For a lack of capital, a need to do business soon with a winning first product, or simply a yield wall they have not been able to overcome, there’s quite a pile-up of algae companies somewhere past perfumery and short of animal feed. Creating a log-jam in markets such as astaxanthin.

VIII. Wishing for higher fuel prices

In some cases, we have companies that are willing to wait out the fuel price environment, or take a longer view of whether we are experiencing low oil prices or simply the typical low end of a volatile, whip-sawing market in petroleum.

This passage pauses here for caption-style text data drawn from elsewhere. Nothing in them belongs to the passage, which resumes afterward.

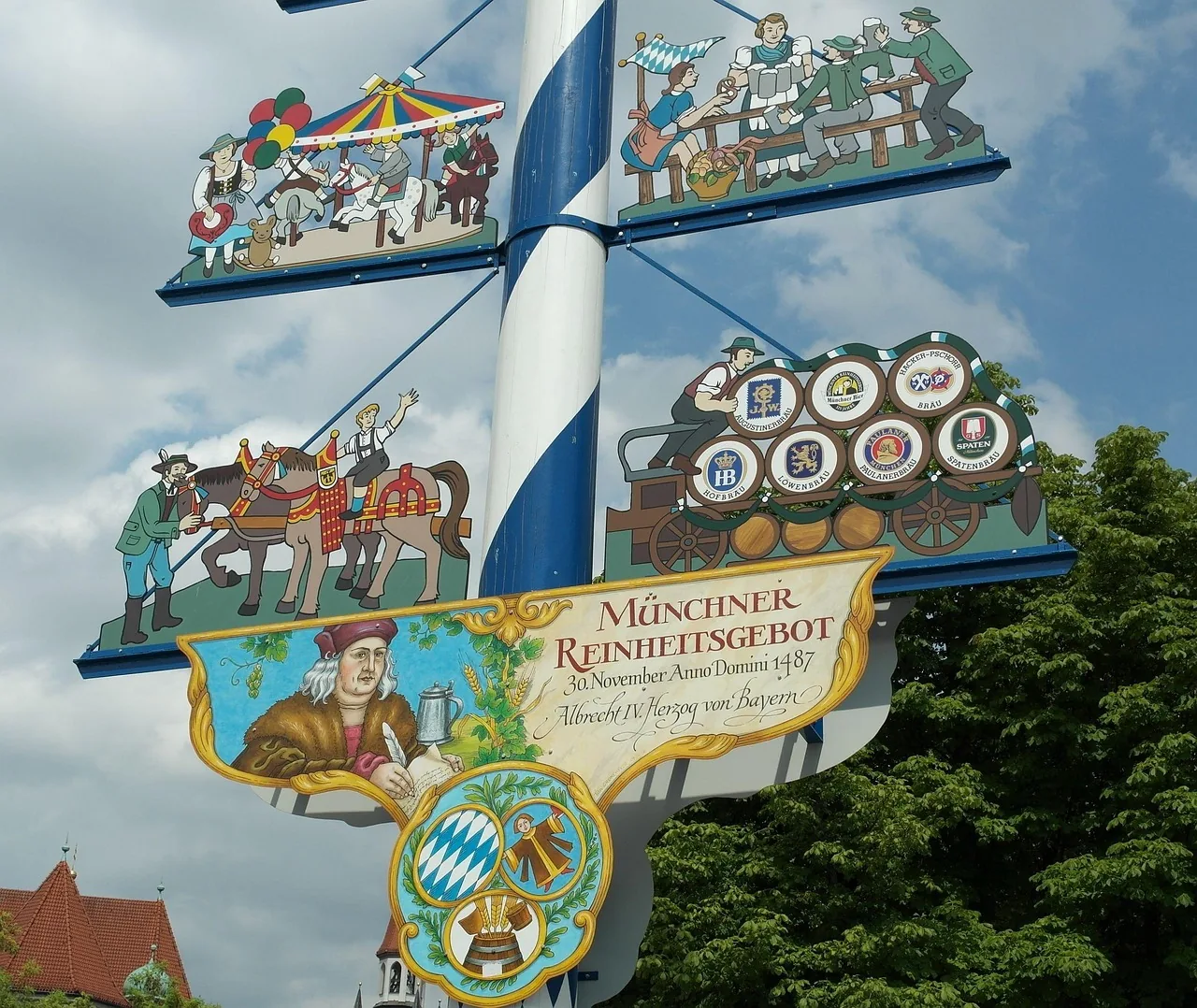 Weiß-blauer Maibaum mit Zunftzeichen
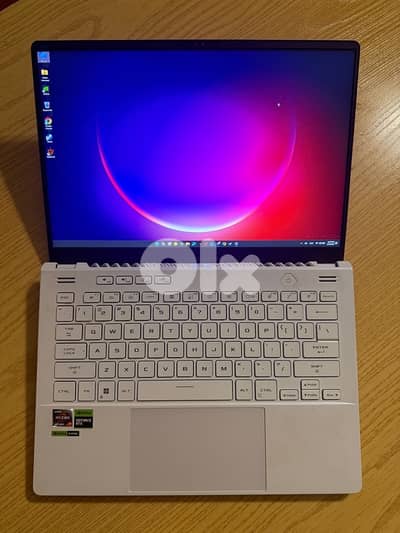 ASUS ROG Zephyrus G14 14" Laptop - AMD Ryzen 7 7735HS - RAM 32GB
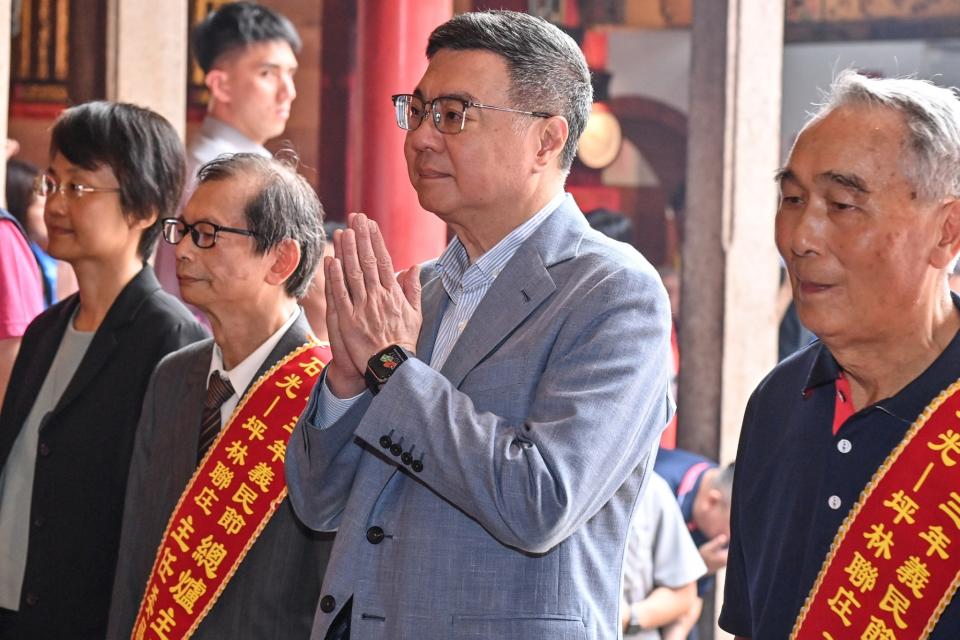 行政院長卓榮泰代表總統賴清德參加義民節祭典。（圖：行政院提供）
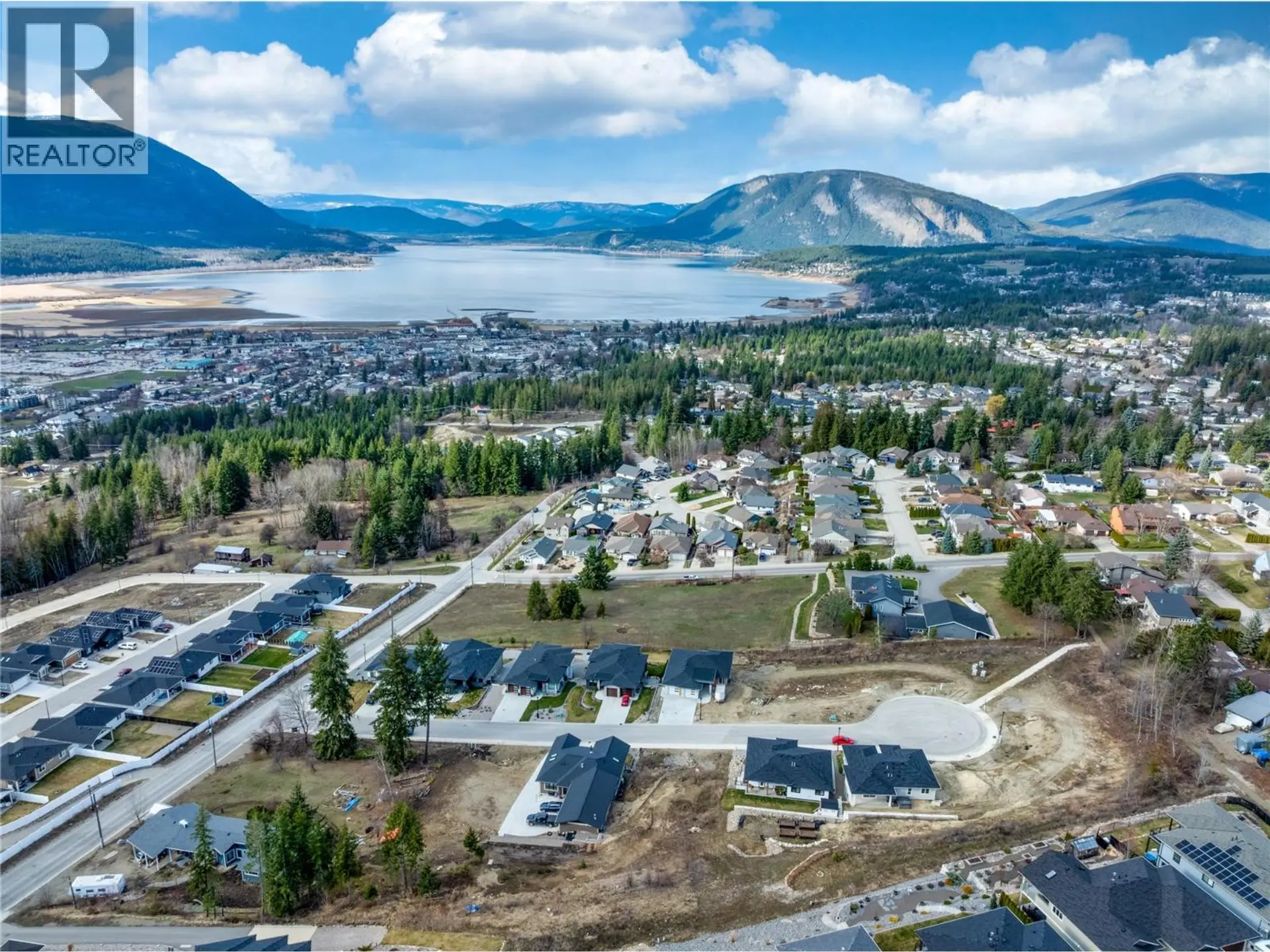 Property at 1120 16 AVENUE SE, Salmon Arm, BC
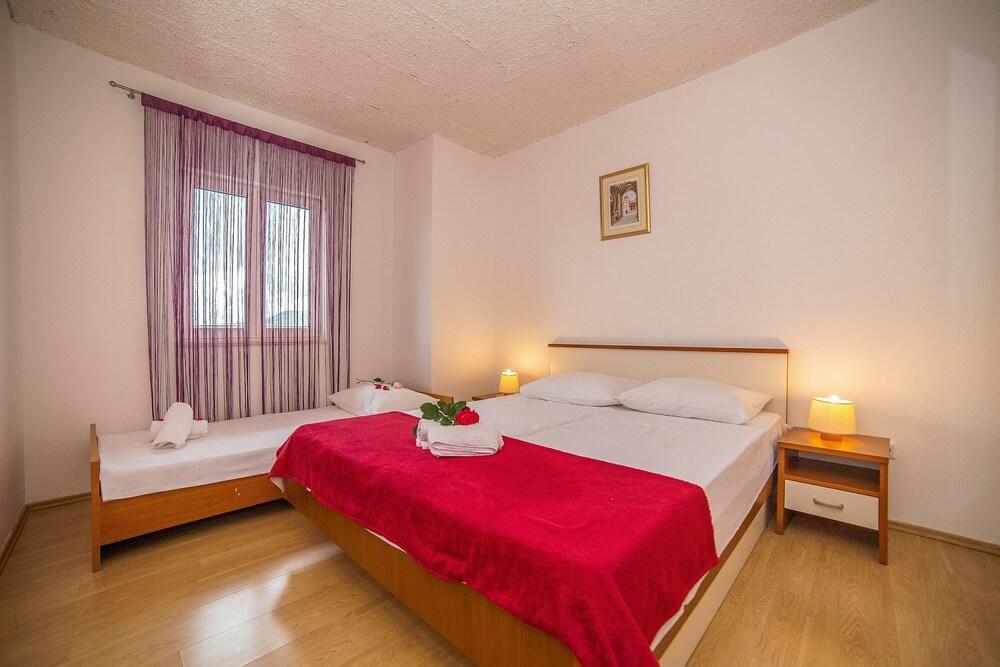 Miroslava - With Pool - A4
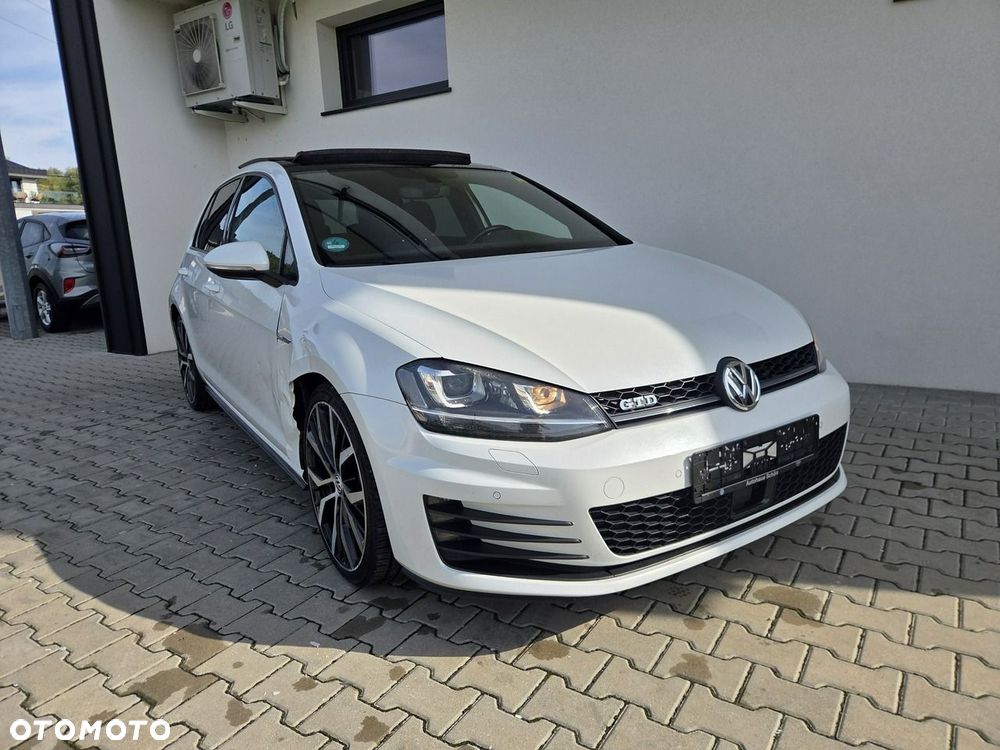 Volkswagen Golf - 1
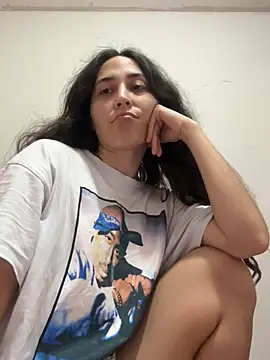 Snapshot of LatinDoll8 chatting on 19, 7, 2026 LatinDoll8 online show from 19, 7, 2026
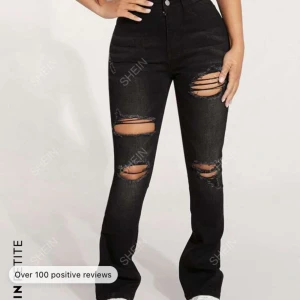 Ripped flare svart jeans - Super fin jeans från shein men är tyvärr för liten. Köpt i storlek ”petite S” och passar som XXS/XS. Köpt för 171kr säljer för 100kr. Kom privat om du har frågor☺️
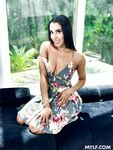 Chabos Milf Jayne doh viettelee kameran tiukalla tussulla ennen kuin he naivat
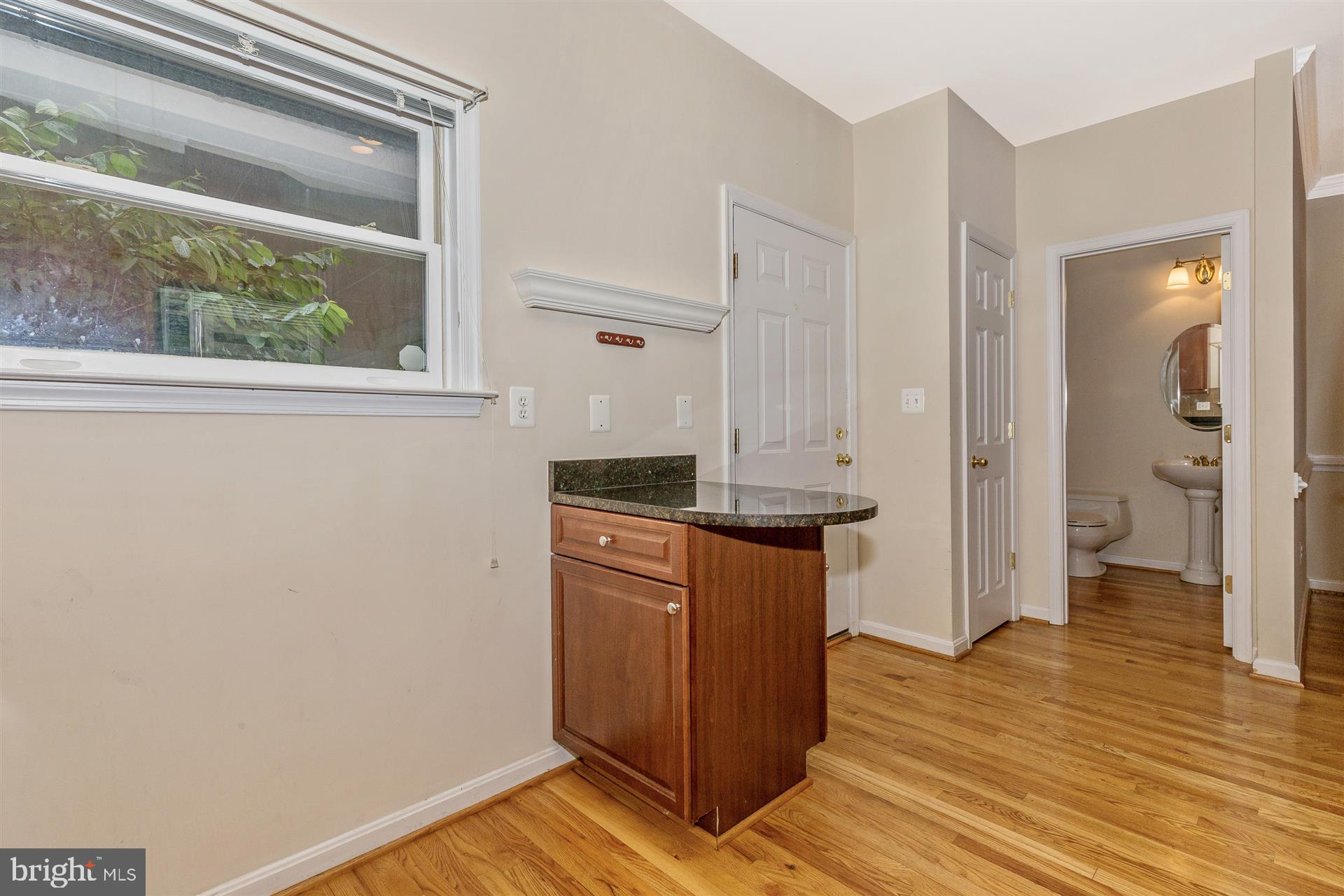 MARKET SQUARE - Residential Lease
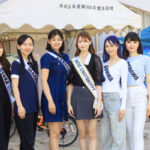 ミスユニバーシティグランプリ鈴木梨恩らファイナリスト7名が珠洲市の小学校を訪問。お土産を通して「全国の人が応援している」とエールを伝える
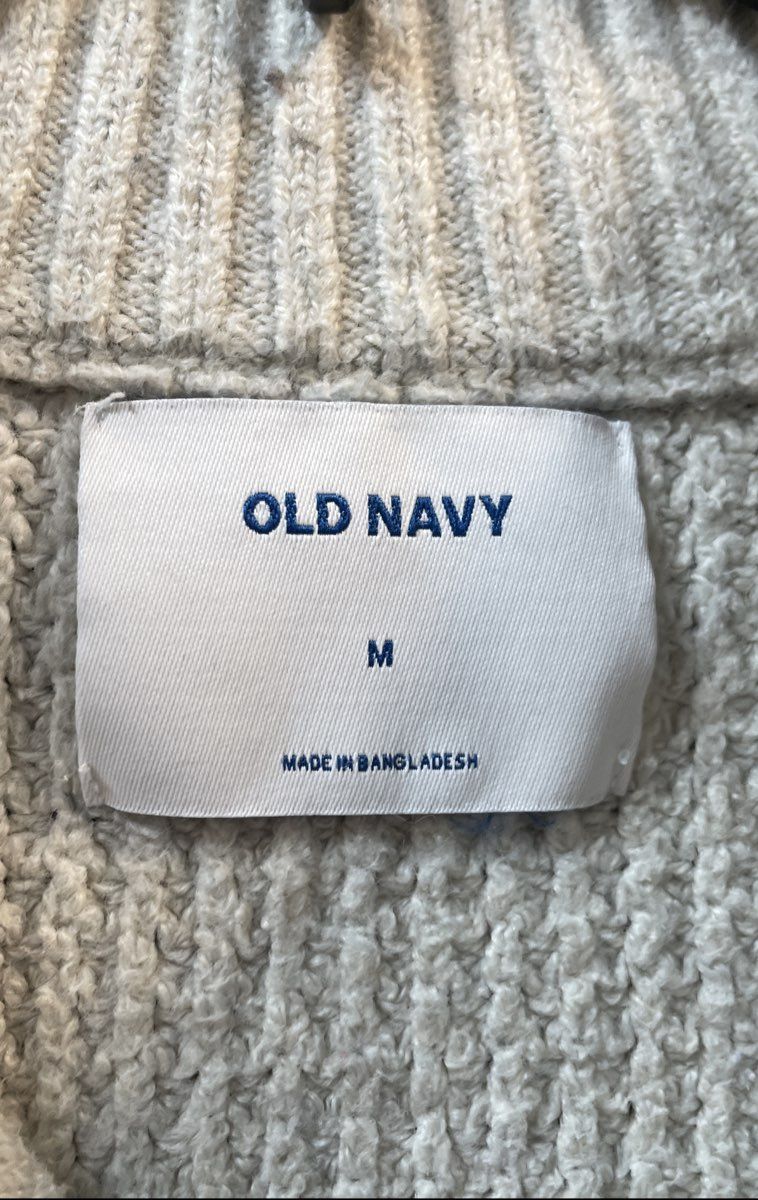 Old Navy Men's Grey Waffle Knit 3-Button Mock Neck Sweater Sz Medium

Fans of the latter case: that we are looking at a typical cycle and companies have to anticipate and compete against the whole cycle, not just part of it — point to oil prices 10 years ago and oil prices today. After all, they argue, the original US Energy Policy ACt was signed in 2005 and spawned a flood of energy start-ups, why not consider how prices were then, and now.

Brent Crude in May 2005, expressed in Euros: €41.22
Brent Crude in Oct 2015, expressed in Euros: €44.34

Either way, fuel prices are expected to rise in 2016-17. OPEC chief Abdalla Salem el-Badri told conference-goers in Kuwait City this week that “we are hopeful that the industry will see a more balanced oil market in 2016. We have recently seen a contraction in production from some non-OPEC producers and an uptick in demand growth.”

How much will oil prices rise? The December 2016 NYMEX Brent Crude contract is trading today at 56.45, and trades are reaching $60 for the February 2018 contract.